──────── EXCERPTED RECORDS

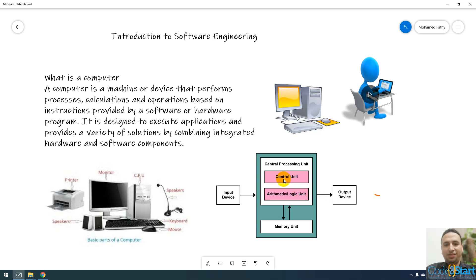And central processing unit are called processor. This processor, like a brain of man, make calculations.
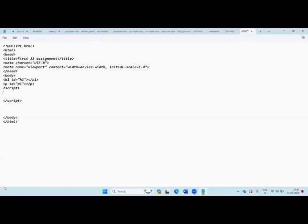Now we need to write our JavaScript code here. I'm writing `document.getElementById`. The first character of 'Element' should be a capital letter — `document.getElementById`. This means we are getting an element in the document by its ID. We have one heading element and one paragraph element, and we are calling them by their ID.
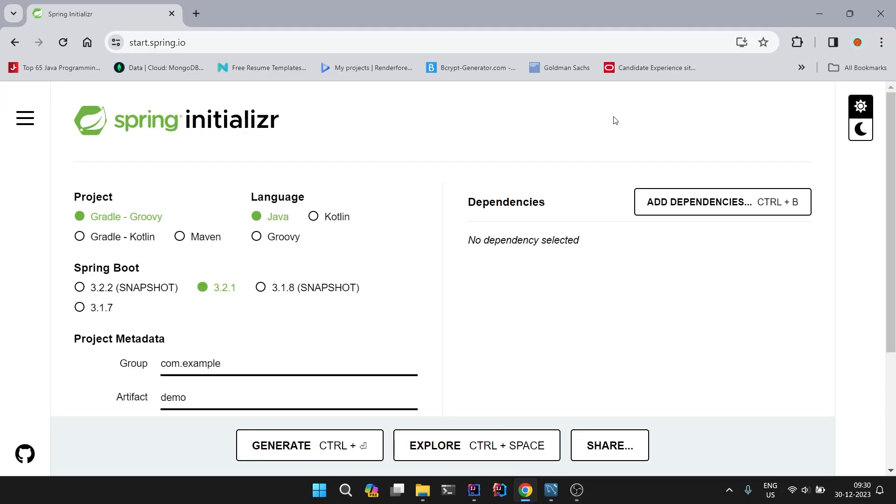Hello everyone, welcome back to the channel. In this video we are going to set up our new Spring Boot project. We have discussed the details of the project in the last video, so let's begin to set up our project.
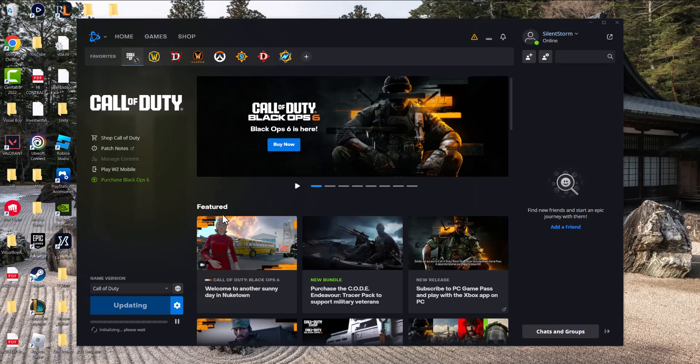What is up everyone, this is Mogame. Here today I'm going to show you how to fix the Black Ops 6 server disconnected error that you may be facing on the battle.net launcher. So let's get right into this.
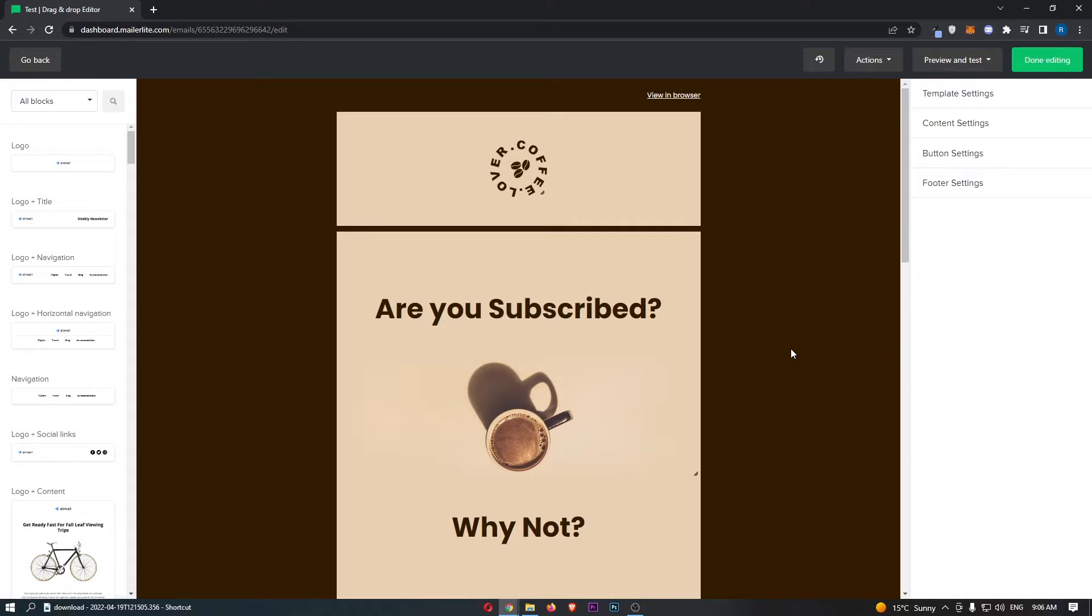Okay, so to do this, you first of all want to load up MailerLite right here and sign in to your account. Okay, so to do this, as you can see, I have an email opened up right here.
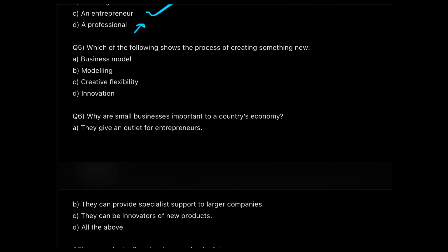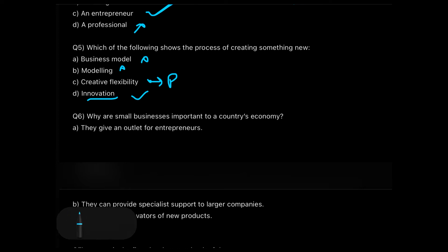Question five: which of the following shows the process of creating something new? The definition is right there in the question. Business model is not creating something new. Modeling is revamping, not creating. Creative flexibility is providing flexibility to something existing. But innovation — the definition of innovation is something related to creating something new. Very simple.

────────────────

*PROBLEM:* Hand back the records above exactly as they are, pictures excluded.

*ANSWER BOX:*
And central processing unit are called processor. This processor, like a brain of man, make calculations.
Now we need to write our JavaScript code here. I'm writing `document.getElementById`. The first character of 'Element' should be a capital letter — `document.getElementById`. This means we are getting an element in the document by its ID. We have one heading element and one paragraph element, and we are calling them by their ID.
Hello everyone, welcome back to the channel. In this video we are going to set up our new Spring Boot project. We have discussed the details of the project in the last video, so let's begin to set up our project.
What is up everyone, this is Mogame. Here today I'm going to show you how to fix the Black Ops 6 server disconnected error that you may be facing on the battle.net launcher. So let's get right into this.
Okay, so to do this, you first of all want to load up MailerLite right here and sign in to your account. Okay, so to do this, as you can see, I have an email opened up right here.
Question five: which of the following shows the process of creating something new? The definition is right there in the question. Business model is not creating something new. Modeling is revamping, not creating. Creative flexibility is providing flexibility to something existing. But innovation — the definition of innovation is something related to creating something new. Very simple.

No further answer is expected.